Das ist nicht zuletzt der Gaumen.
Friedrich Schleiermacher sprach von Religion als „Sinn und Geschmack für das Unendliche“.
Die Vision des ewigen Heils sucht fühlbare Erfahrung im alltäglichen Leben.
Sie zu finden ist schwer und unverfügbar. Zwei Jünger wandern 10 km lang mit einem Fremden, trauernd, klagend, debattierend. Vernebelt vom Schleier, der ihre Augen glasig macht.
Erst in dem Moment, wo sie was in den Händen halten – nämlich Brot, das er, der Gastgeber im eigenen Haus, gebrochen hat. Da fiel es ihnen wie Schuppen von den Augen.
Das gemeinsame Essen und das Teilen des Brotes, hat sich in ihnen eingeschrieben als Ort der Hoffnung.
Ich meine, das ist die Botschaft für uns heute: Wer Sinn und Geschmack für die Hoffnung entwickeln möchte, braucht Orte dafür.
Der Tisch – mag er üppiger oder weniger üppig gedeckt sein – ist ein Ort dafür.
Am Ostermontag stehen wir im Übergang vom Osterfest zum Alltag. Während sich in der Osternacht die Botschaft des Auferstanden noch sphärisch und geheimnisvoll verkosten lässt, will der Ostermontag Fakten. Wo und wie kann ich die große Hoffnung in den Alltag hinüberretten?
Ich kann Gottesmomente nicht selbst erzeugen, aber ich kann die Erinnerung stark machen.
Vielleicht kennen Sie es, dass ein Gericht Sie an gute (oder auch schwierige) Erlebnisse erinnert. Bei Kirschpfanne denken ich an warme Sommeressen auf den Balkon, aber auch an einen verbrannten Gaumen von den heißen Kirschen. Der Duft von frischer Apfelminze erinnert mich an „meine erste Liebe“. Denn so roch das Kloster, als ich es kennenlernte. Dort wurde der Tee wurde auf dem Dachboden getrocknet. Und Pflaumenmustaschen backe ich in Erinnerung an meine verstorbene Großmutter. Mit der „guten Butter“ hatte sie immer ihre ganze Liebe eingebacken.

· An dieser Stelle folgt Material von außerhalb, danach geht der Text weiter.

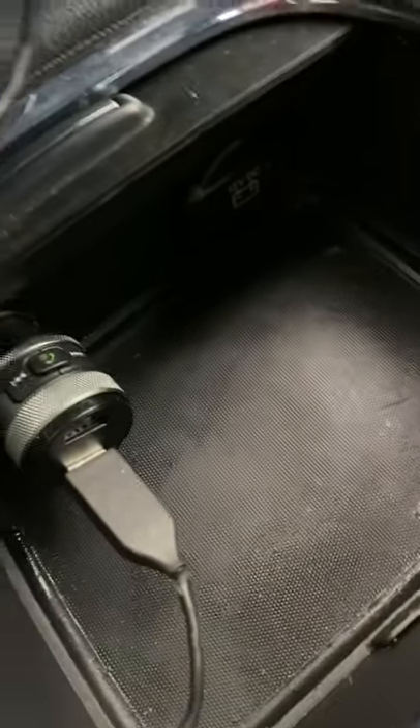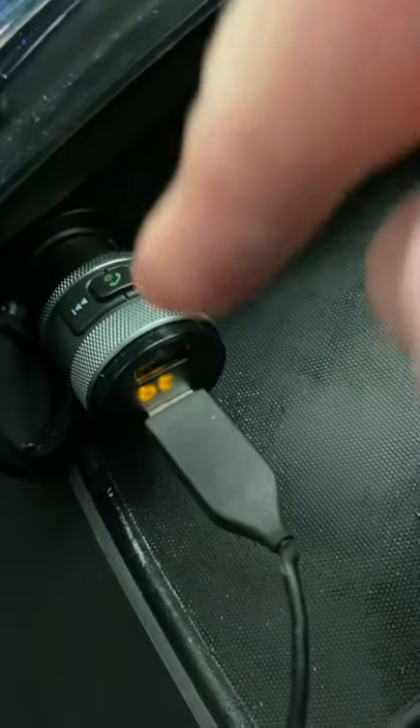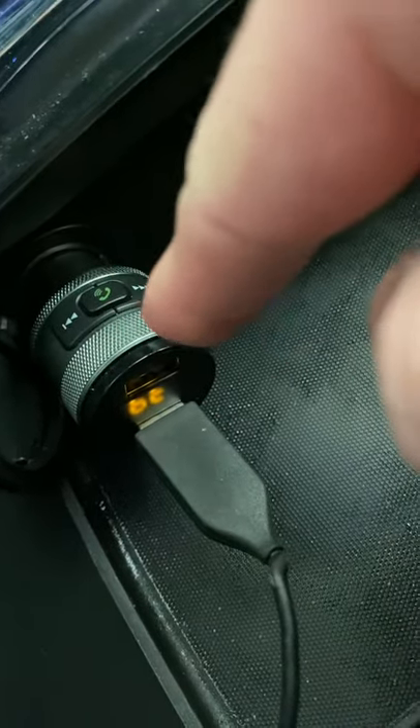Well, as you can see, it's off right now. I have the key right here. We'll go ahead and turn it on, and you'll see that whenever I turn it on, it's going to fire up because all the lights are going to come on. That's how you know if this thing is getting power or not.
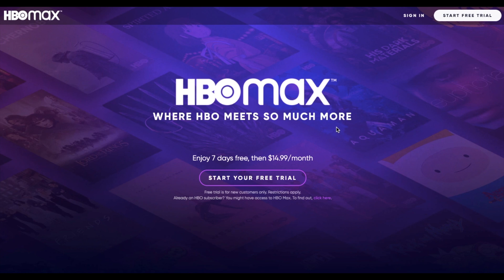Now with HBO Max, at the time of this video, this actually just was made available. And for new users, you actually get a 7-day free trial. You can actually view what's currently available and give it a good test trial before the $14.99 a month charge actually kicks in. So I'm just going to come down here and click Start My Free Trial.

Auf ähnliche Weise geht es darum, den Geschmackssinn für die göttliche Vision zu erlernen. Was schmeckt nach dieser Hoffnung? Womit verbinde ich sie?
Das gebrochene Brot. Süßer Wein. Das sind Erinnerungen, die sich tief mit dem Glauben an den Gekreuzigten und Auferstandenen verbunden haben.

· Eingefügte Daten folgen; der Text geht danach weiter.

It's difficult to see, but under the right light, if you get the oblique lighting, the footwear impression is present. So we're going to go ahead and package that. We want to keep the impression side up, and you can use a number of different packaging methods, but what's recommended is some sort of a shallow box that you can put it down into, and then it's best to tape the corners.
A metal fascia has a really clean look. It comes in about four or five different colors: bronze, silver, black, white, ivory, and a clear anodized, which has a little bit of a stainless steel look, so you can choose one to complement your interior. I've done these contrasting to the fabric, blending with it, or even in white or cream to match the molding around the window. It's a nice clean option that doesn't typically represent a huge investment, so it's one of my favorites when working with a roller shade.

Wir erinnern und vergegenwärtigen uns das im Abendmahl.
Das ist – theologisch ausgedrückt – präsentische Eschatologie: Für das, was zuletzt – nach dieser Welt einmal sein wird – bekommen wir hier und jetzt einen Vorgeschmack, es wird erfahrbar. Greifbar.
Wir feiern heute im Gottesdienst kein Abendmahl. Doch jedes Brot lädt ein zum Hoffnungsbrot zu werden. Ich habe ein Osterbrot mitgebracht. Als Zeichen. Zur Erinnerung. Im jüdischen Passahmahl teilen die Gläubigen das Tränenbrot – harte Brot, das sie an den Auszug aus Ägypten erinnert. Wir backen an Ostern süßes Brot: Oft in Form eines Zopfes zum Zeichen der Dreiheit Gottes, die in sich eines geworden ist. Als Zeichen, das sich auf solch eine Weise Gott mit uns verbinden will. Fest verwoben. Jesus Christus, den Auferstandenen schmecken und teilen schafft Geschmack für das Unendliche: Denn Tod, Tränen und Trauer werden nicht für immer regieren. Alle haben Platz am Tisch des Herrn. Befreit vom Schleier der negativen Weltsicht. Denn Gott lädt ein. Amen.